Watchdog urges IRS to expand e-filing
The inspector general at IRS wants the agency to ditch its error prone and largely manual process for examining amended individual tax returns and allow users to submit their changes through the same streamlined e-filing portal used for original returns.
For years, taxpayers have been able to file their taxes with the IRS electronically, with the press of a few buttons. However, if they happen to make a mistake or want to file for previous year's return, they'd better have a printer, pen and some stamps handy.
That's because while the IRS has long since entered the digital age for individual returns, the agency still requires paper filing for amended tax returns. Now the Treasury Inspector General for Tax Administration wants the agency to ditch its mistake-prone and largely manual process for examining amended returns and allow users to submit their changes through a similar e-filing portal.
When an original individual tax return is filed, even on paper, the underlying numbers are fed into automated systems like the Return Review Program to calculate and verify the math and search for indicators of potential fraud. However, amended returns are routed through a separate, largely manual process that auditors believe is error prone and more likely to result in faulty calculations.
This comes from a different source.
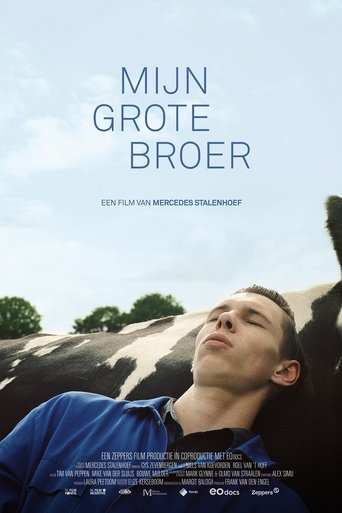 Mijn grote broer Poster of Mijn grote broer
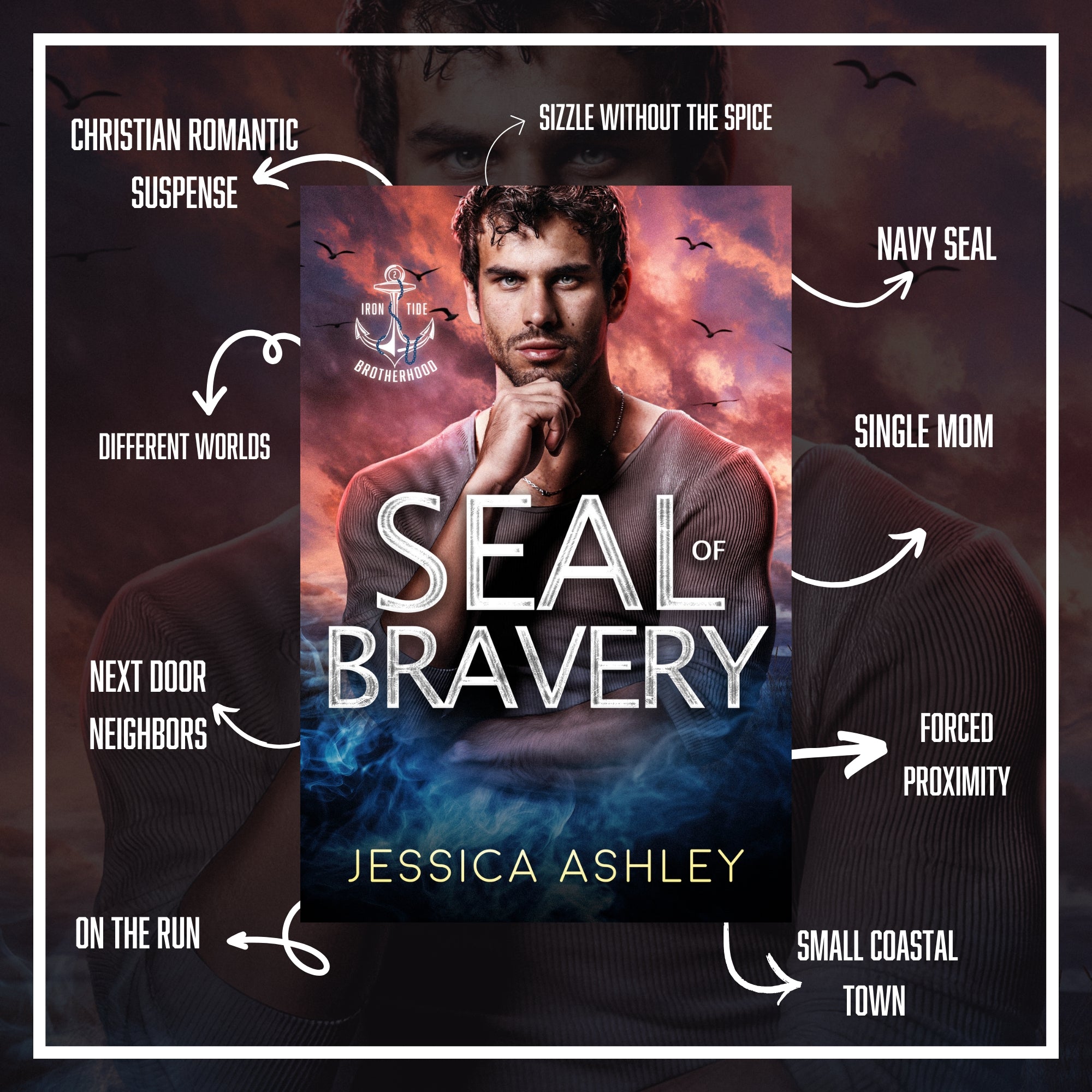 SEAL of Bravery Tropes Christian Romantic Suspense Navy SEAL romance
It's not a new problem, and TIGTA says it has issued at least four previous reports since 2011 calling attention to the way IRS processes amended returns. That includes a 2014 report that looked at a sample of 259 amended tax returns from 2012 where the filer claimed more than $500 in refunds, finding 44 such returns that contained "potentially erroneous tax refunds totaling $103,270." Extrapolating that data, TIGTA estimates the IRS could have issued more than $2.1 billion in potentially erroneous tax refunds over the past five years.
Officials at the IRS have claimed they do use software systems to assist employees, but they said limited and dwindling resources are an obstacle to tech upgrades.
According to the report, IRS management stated that it submitted funding requests for an additional $4.1 million in both fiscal years 2016 and 2017 to update systems and enable e-filing of amended returns through the Modernized e-File system, but the initiatives never received funding due to "high cost" and "competing priorities." Since then, IRS replaced its legacy e-filing system.
IRS Wage and Investment Commissioner Kenneth Corbin endorsed the potential benefits of building in new e-file capabilities for amended returns, but he said in agency comments that it was about more than money, noting that such returns are eligible under a lengthy and resource-intensive appeal review process that competes with other compliance priorities at the agency.